May 03, 2012

Ancient Stories


“Society does not severely punish those who sin severely, but those who sin and conceal not cleverly.”
~ Judge Learned Hand


A scandal has been reported in New York’s newspapers about a woman named Anna Gristina who has been accused of “connecting people”.  
You’re surprised there is prostitution in New York? You always thought that was against the law, like brokers stealing customers’ accounts and calling it vaporizing. But, unlike the boys (and probably some girls too) involved in the evaporation of $1.6 billion of other people’s money at old MF Global, Madam Gristina had to be handcuffed in court.
There’s something old school about this story, a story about the oldest profession, or the commerce of selling sex, or in today’s jargon, connecting people. We may despise or admire them, but from Aspasia of Athens, companion of Pericles, to . . ., they are part of the story in history.
Many years ago, at a party in Los Angeles, I met an interesting woman.
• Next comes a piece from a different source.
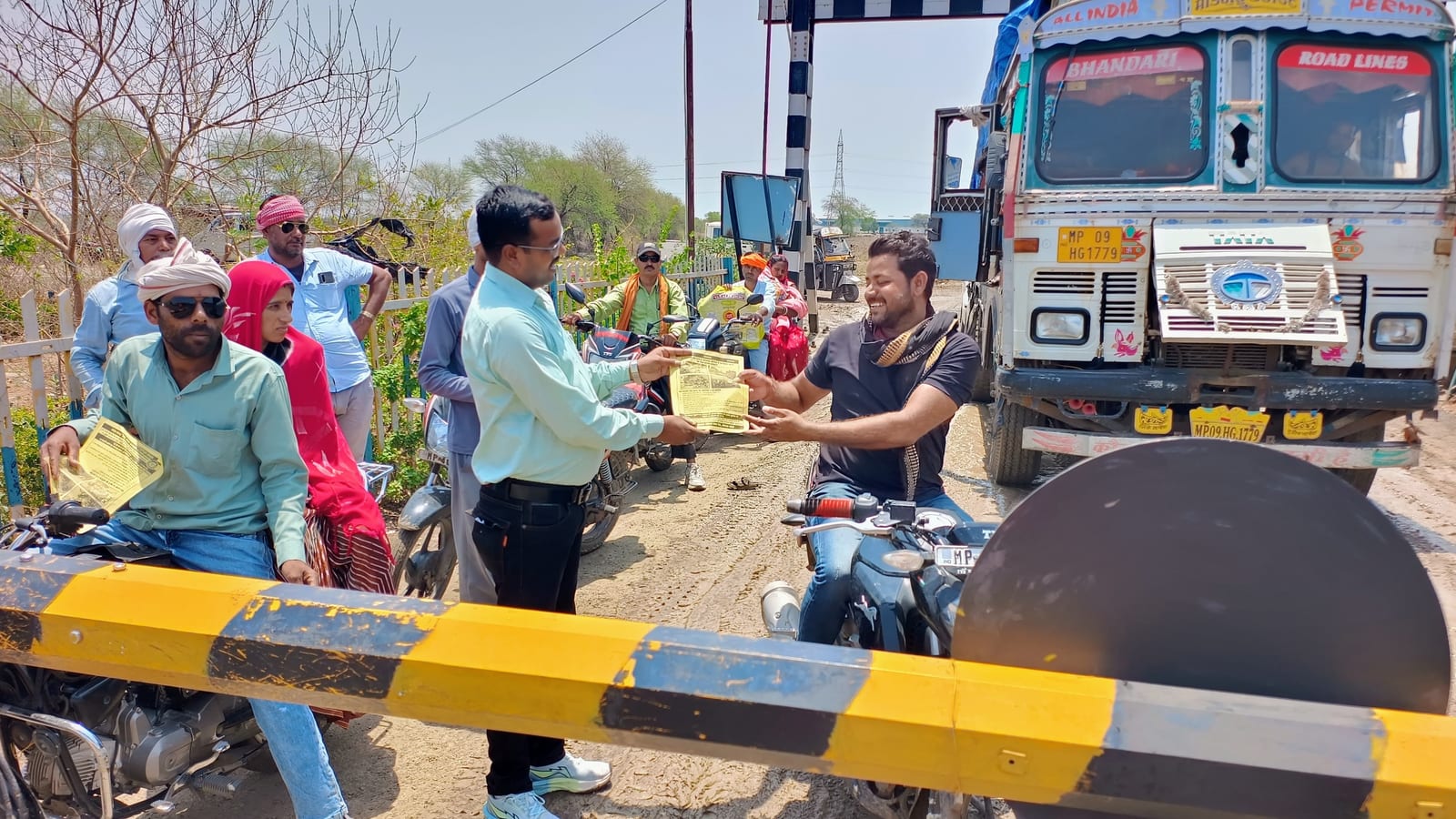 भोपाल मंडल में अंतर्राष्ट्रीय समपार फाटक सप्ताह मनाया गया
If I recall correctly, her father had been German, her mother Spanish, she, born in Manila. I watched how she scanned the room, not like an aspiring wanna be, more like an accountant keeping track of available merchandise, all the while engaged in a lively conversation with me in German.  I had no idea who that woman was, then. 
She was called Madam Alex or Madam 90210.  This I found out when one night her neighborhood was inundated with helicopters, police cars and a full SWAT team all pulling up in front of her house, armed and ready for business.  She was arrested, thrown in prison, arraigned and released on one million dollar bail. The papers called her the Mayflower Madam of the West Coast.  Friends called her The West Coast’s answer to Madame Claude who according to my friend Asterix “…ran a true Spanish college of ladies of “little virtue”, as they say in French where they use a lot of quite tender expressions like “cocottes”, “dames de petite vertu”, “hétaïres”, that don’t seem to exist in English, do they ?”.
Madam Alex's legal name was Elizabeth Adams.  The gossip vine smoked with the rumor that she knew the sexual secrets of the city's most important men. Really?!  Today, it can be told who Madam Alex’s clients had been – the public ones anyway.
Back in the Gilded Age there were houses of ill-repute or to be put in more prosaic terms, whorehouses. Yes, in New York, and across America. The best of them in New York were located in Murray Hill.
In 1910, JP Morgan built a townhouse (still standing) right on the edge of Murray Hill and right around the corner from his own house, for his mistress Mrs. Adelaide Douglas.
The house built for Mrs. Adelaide Douglas by JP Morgan today the Guatemalan Consulate to the United Nations.
She of course was never under suspicion of anything but perfect goodness. The fact that he built her a mansion, with a back entrance where he could come and go discreetly, did not disturb anybody’s sleep.
Timing is everything.

Lovely weekend 

10 comments:

Anonymous said...

Yes!

Mary said...

O, I enjoyed our lunch today. Thank you for your company.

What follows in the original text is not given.